• SUPPLIED ENTRIES:
━━━━━━━━

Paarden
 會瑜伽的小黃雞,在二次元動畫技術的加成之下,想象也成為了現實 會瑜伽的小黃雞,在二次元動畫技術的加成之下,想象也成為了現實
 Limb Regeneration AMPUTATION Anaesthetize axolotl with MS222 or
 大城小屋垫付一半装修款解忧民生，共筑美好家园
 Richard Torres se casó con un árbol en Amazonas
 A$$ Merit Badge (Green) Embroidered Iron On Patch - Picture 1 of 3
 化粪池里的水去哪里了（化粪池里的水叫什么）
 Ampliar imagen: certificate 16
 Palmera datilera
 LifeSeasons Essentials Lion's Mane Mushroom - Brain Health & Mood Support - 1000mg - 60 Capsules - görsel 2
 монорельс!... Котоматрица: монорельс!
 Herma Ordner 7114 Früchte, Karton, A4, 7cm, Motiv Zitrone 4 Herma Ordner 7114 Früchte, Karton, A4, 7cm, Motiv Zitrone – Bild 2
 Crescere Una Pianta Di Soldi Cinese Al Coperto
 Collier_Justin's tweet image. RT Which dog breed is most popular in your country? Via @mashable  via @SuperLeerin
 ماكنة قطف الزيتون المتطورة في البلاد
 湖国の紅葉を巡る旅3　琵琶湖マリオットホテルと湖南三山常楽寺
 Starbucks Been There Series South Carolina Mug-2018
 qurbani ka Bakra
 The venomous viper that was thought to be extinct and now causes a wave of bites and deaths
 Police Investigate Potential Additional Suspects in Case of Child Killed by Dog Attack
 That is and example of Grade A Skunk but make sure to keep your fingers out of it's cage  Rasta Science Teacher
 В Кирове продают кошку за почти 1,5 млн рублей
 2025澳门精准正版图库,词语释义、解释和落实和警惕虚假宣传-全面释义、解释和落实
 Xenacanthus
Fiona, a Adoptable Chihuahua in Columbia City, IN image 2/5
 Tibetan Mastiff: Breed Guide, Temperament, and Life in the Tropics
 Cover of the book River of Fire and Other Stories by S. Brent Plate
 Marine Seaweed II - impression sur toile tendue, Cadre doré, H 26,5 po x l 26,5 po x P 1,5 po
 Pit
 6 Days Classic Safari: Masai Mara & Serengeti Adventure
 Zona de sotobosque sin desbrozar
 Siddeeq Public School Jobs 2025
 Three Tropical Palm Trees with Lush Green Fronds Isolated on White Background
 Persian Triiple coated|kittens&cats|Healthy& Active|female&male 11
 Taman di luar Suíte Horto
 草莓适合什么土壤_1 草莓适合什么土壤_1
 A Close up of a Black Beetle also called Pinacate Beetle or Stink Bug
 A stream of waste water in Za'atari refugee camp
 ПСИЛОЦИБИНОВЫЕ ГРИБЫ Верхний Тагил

━━━━━━━━

For the listing above, give the number of lines that contain the string "your" and nothing else.

• EXERCISE OUTPUT: 2